See? Question marks everywhere. If things break right (Sammie Coates is a star, Jimmy Graham returns to form, Anthony Barr becomes a boss, CJ Fiedorowicz catches touchdowns, and the various defensive guys I didn’t list because I ran out of pithy questions play up to their potential, this could be a great team and the Saints could return to the top of the division. But when you have questions against sure things, I’ll go with the sure things. It’s all about probabilities… which I apparently now do in the summer for fun. ::SIGH:: I have become that which I hate.

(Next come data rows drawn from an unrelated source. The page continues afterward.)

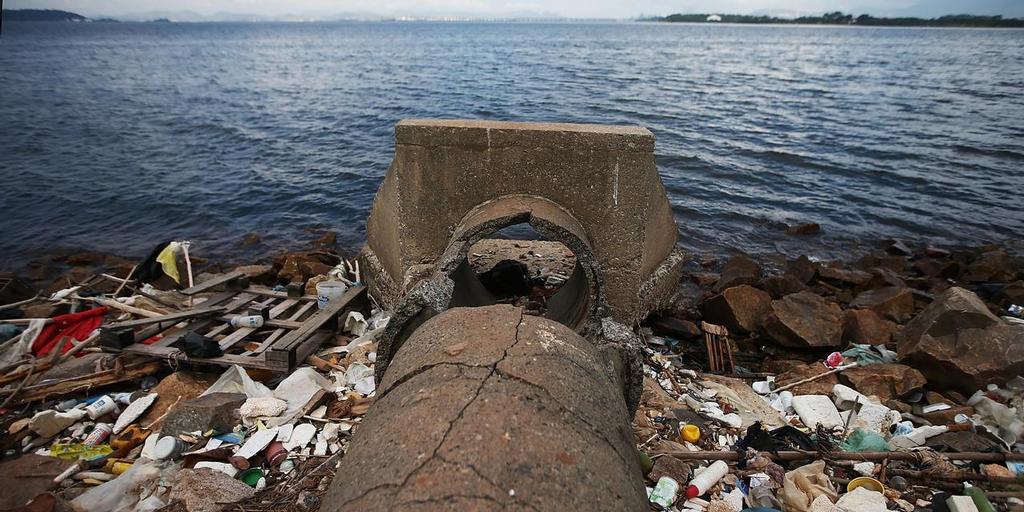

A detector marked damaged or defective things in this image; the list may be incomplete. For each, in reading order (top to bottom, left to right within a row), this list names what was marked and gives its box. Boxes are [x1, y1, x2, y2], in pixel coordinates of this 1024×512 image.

cracked concrete pipe [323, 305, 643, 509] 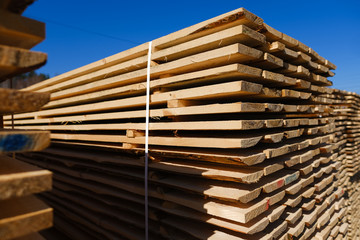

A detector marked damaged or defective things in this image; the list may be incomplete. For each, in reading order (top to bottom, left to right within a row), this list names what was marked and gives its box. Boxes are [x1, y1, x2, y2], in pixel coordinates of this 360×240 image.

splintered wood edge [0, 88, 50, 114]
splintered wood edge [0, 130, 50, 153]
warped board [0, 130, 50, 153]
warped board [0, 154, 52, 201]
warped board [0, 195, 52, 240] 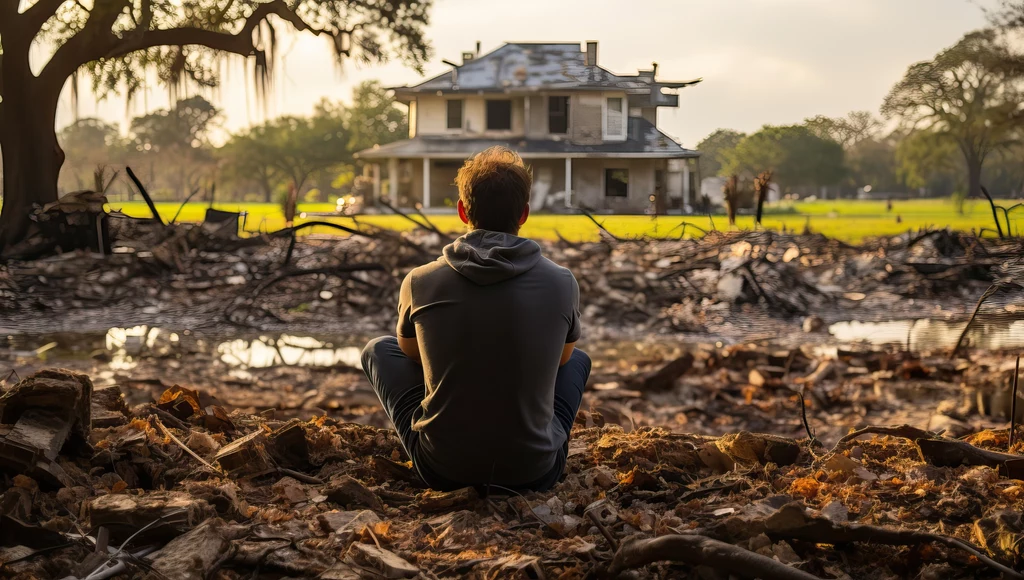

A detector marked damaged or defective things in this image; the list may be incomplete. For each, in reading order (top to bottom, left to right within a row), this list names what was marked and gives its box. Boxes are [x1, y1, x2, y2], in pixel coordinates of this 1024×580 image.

broken window [448, 100, 464, 131]
broken window [484, 100, 508, 131]
damaged house [356, 41, 700, 213]
broken window [548, 96, 572, 135]
broken window [604, 97, 628, 139]
broken window [604, 168, 628, 197]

Tampa Bay Buccaneers (6-10): Poor, poor Tampa Bay. This team keeps getting this close to being good, and can’t quite get over the top. Tampa Bay is to RDFL is what Hillary Clinton is to the presidency. A favorite for the presidency for like twelve years. Super closer in two elections. Wins the popular vote. Not president. Tampa keeps pulling the same stunt – good team for the last three years. Strong players. Good drafts. Good free agent pickups. Not quite able to get over the hump.

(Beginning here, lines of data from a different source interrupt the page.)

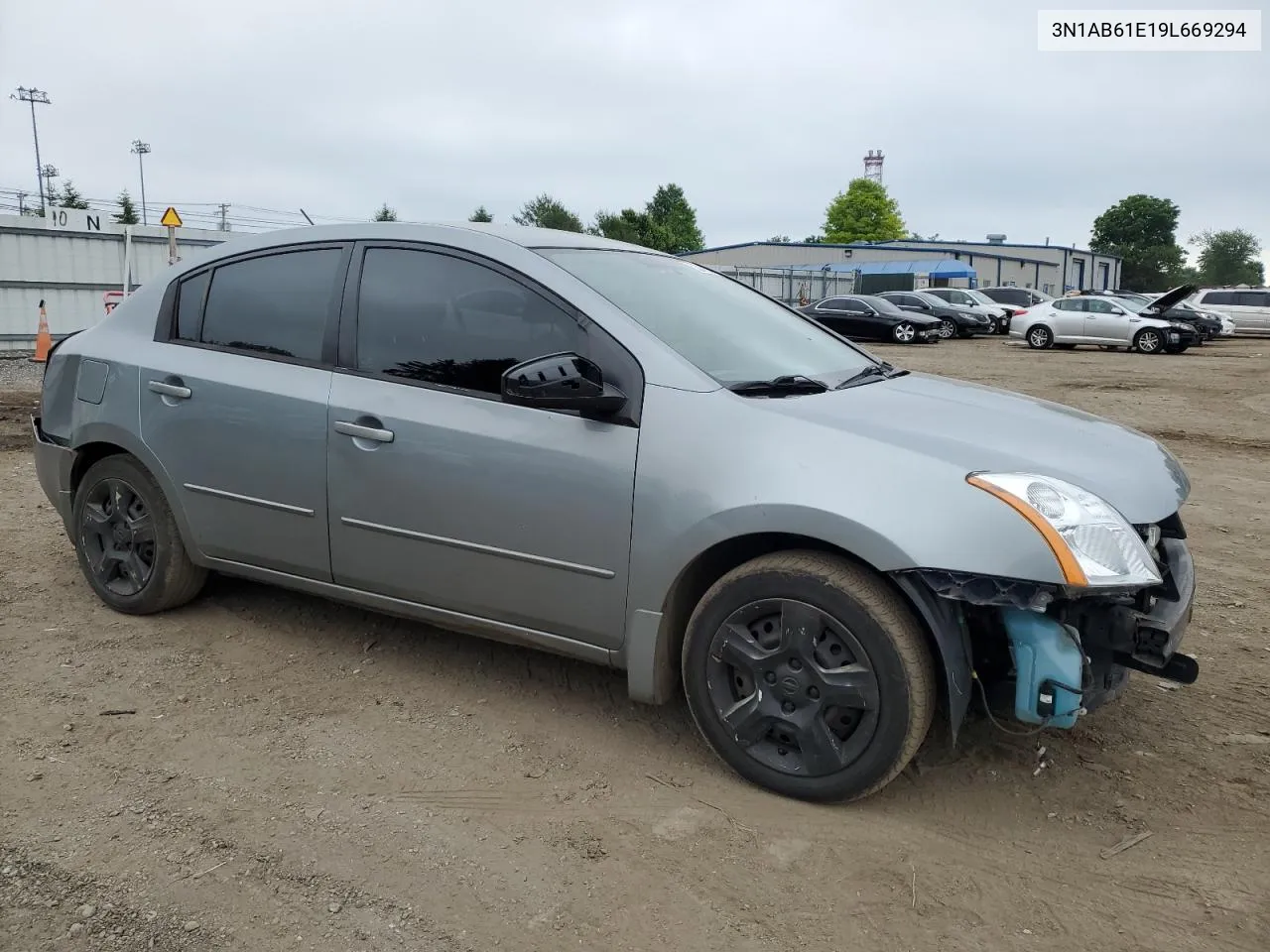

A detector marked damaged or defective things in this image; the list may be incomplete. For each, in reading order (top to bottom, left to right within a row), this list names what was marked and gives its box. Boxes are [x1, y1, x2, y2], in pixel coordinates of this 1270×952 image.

damaged vehicle [32, 223, 1199, 801]
exposed blue bumper support [996, 611, 1087, 730]
front end damage [889, 512, 1199, 738] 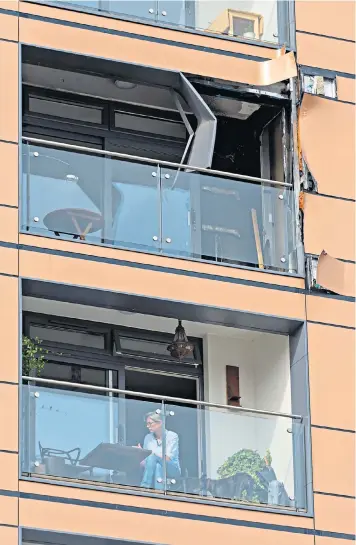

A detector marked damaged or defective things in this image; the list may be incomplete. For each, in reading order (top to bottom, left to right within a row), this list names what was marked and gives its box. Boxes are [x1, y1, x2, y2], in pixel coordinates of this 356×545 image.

fire-damaged cladding [20, 46, 296, 272] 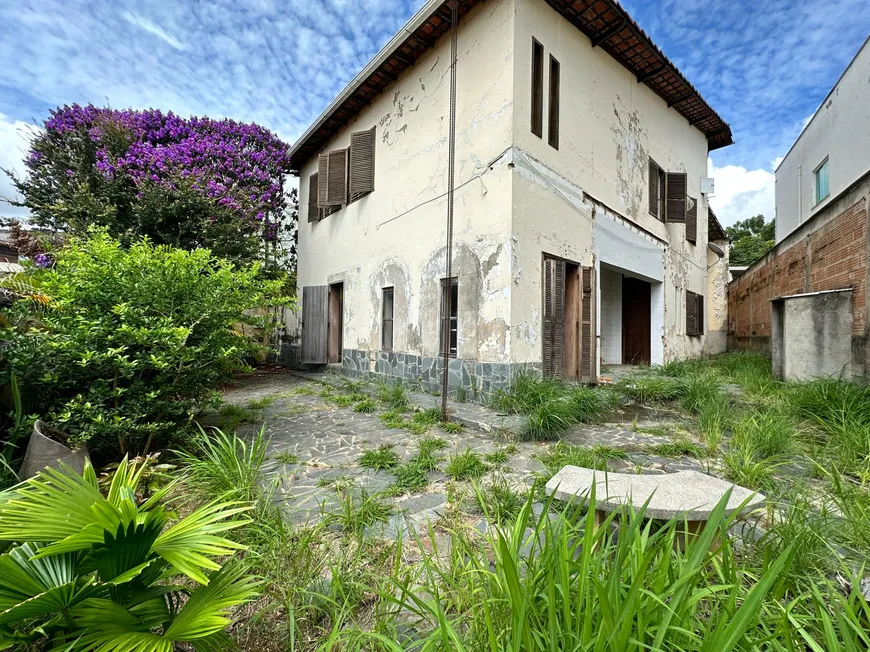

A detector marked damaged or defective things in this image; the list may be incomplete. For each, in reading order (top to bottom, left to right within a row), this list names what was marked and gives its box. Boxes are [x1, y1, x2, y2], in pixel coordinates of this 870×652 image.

cracked wall [296, 0, 516, 366] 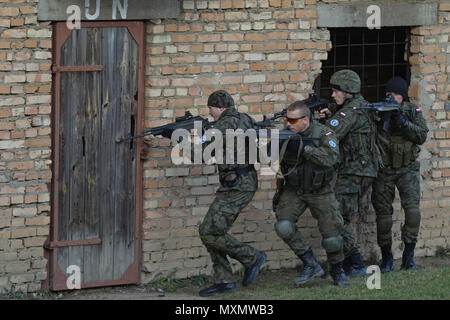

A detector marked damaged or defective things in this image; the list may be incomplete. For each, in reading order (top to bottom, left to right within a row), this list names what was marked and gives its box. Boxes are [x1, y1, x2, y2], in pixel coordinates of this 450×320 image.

rusty metal door frame [45, 20, 145, 290] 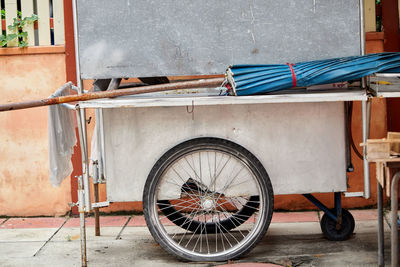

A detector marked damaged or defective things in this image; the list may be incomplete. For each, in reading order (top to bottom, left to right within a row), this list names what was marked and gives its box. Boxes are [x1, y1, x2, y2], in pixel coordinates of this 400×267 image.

rusty metal bar [0, 79, 225, 113]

More of the same, this year, unfortunately, as the division has stayed strong, but Tampa Bay has taken steps back. Doug Martin is facing threats to his job. Vincent Jackson isn’t on a roster anymore. Josh McCown plays for the Jets. Alfred Morris and Jermaine Gresham have successfully recovered from idiopathic bouts of talent, and the roster, tragically, has Blaine Gabbert on it. Jadaveon Clowney is a bit of a bust and Chris Conte is losing his job to JJ Wilcox.
The defense is still going to be fantastic. Any squad with Lavonte David and Von Miller starting next to each other is going to be absolutely ferocious. Gerald McCoy is still a good player with a good personality, and Aqib Talib is still a good player with a bad personality. The defense is going to put up points, and the offense is going to be much better than say, Indy and Jacksonville. But in this ridiculous division, I just don’t think it’s enough. Not by a long shot. I like Tampa Bay, and I keep rooting for them. But end of the day, it will not be Tampa Bay atop the South for another division. It’s a conspiracy!